I resided this house 17 or 18 years ago. It is a two story building 32 by 36 
feet. I used what is called Canex, it is really a pressed paper with a hard 
surface formed to look like aged painted wood. The boards are 12 feet long and 
8 inches wide, quite heavy. I used a similar product, a little different design 
for vertical siding on the gable ends and aluminum soffit and fascia.

The trick is to measure each corner from the under side of where the soffet 
will go down and dividing that evenly by the virtual width of the boards to 
locate the height of the bottom mounting member what ever that is and depending 
on the system. Then you need to get the bottom member that the siding hangs on 
straight from one corner to the other.

Once that is done it is just a matter of laying each course and nailing it into 
place until you hit a door or a window. The next trick is to cut out when you 
hit the bottom or top of window openings or the top of door openings or other 
penetrations like vents.

Various siding systems use different trim materials.
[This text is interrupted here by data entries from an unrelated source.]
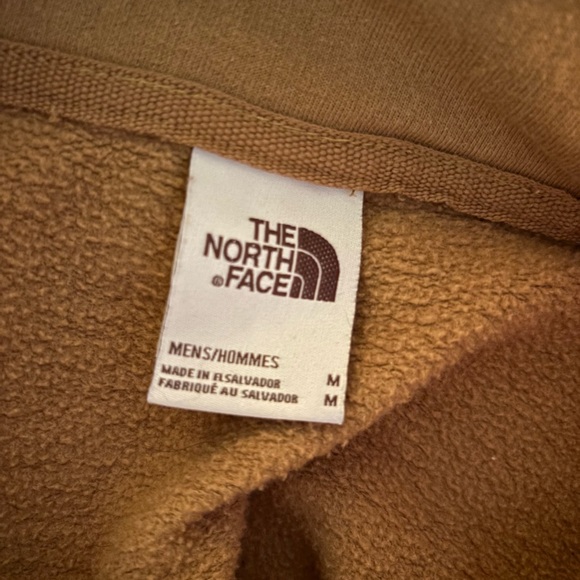 The North Face Pullover - Picture 3 of 3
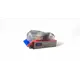 Подшипник однорядный шариковый SKF 6204-2RSH/C3 Italy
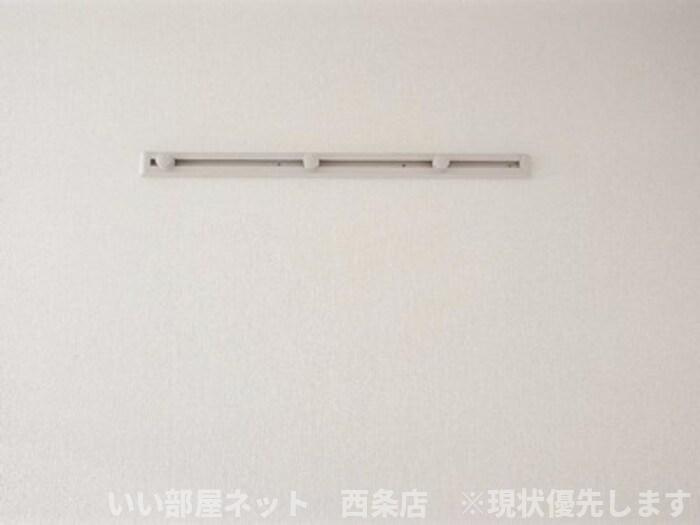 エトワールしゅりⅡのその他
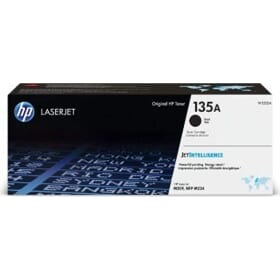 TONER HP 135A SORT 1,1K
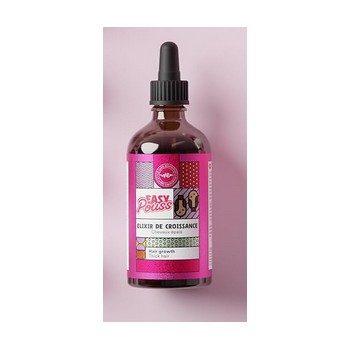 Elixir de croissance Cheveux épais Easy Pouss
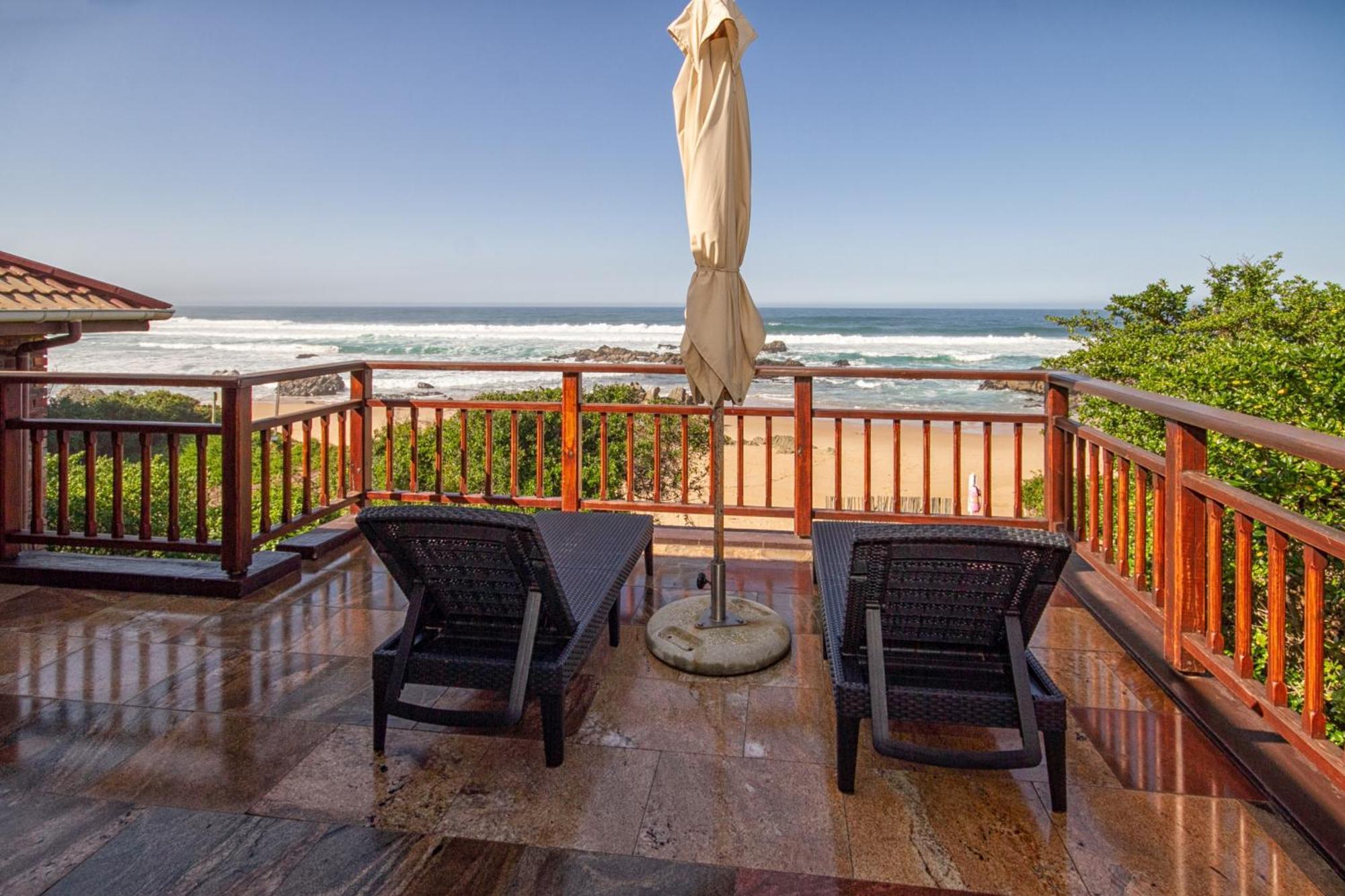 Archrock Resort Plettenberg Bay Extérieur photo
Many use 'J' mold around 
window and door frames which you apply before you start the siding. Some use 
corner caps which are also applied first. Some corner caps are under-cut to 
hide the ends of the siding, others are designed to but up tight.

Most applications you will apply a drip cap over windows and doors but you 
probably don't have to remove that.

Frankly though, if the insurance is willing to pay a contractor that is the way 
I would go. They will come in with scaffolding, tarps to cover plantings and a 
skip to collect the debris and they will be in and out of there in a couple of 
days. You will be renting all that stuff for a long time without a crew and 
even paying demurrage on the skip or dumpster will cost you a lot more because 
it will take you days to strip shingles, collect them up and load them into the 
skip. A crew will strip the building in a couple of days and have it all picked 
up. They will have their own arrangements to get scaffolding to and from the 
site and so on and the contractor is protected by insurance and Worker's 
compensation, you are not.

I did it because I was paying for it and I had the time but not the money. This 
isn't your situation.



  ----- Original Message ----- 
  From: Michael Baldwin 
  To: [email protected] 
  Sent: Wednesday, June 18, 2008 9:24 AM
  Subject: [BlindHandyMan] Siding


  Hi,
  Has anyone on here sided their house? Baseball sized hail caused the
  insurance company to total my siding and roof, and I can't believe what
  these dorks want to charge to do the work. And my insurance agent don't
  care if I do it, as long as it is done. I want to use the Fiber Cement
  siding. I have done some roofing before, and helped on large house reroofs,
  but not done one this big myself, but roofing isn't that hard, just don't'
  fall off the roof, LOL.
  Puts my other remodel on the back burner though until this stuff is done.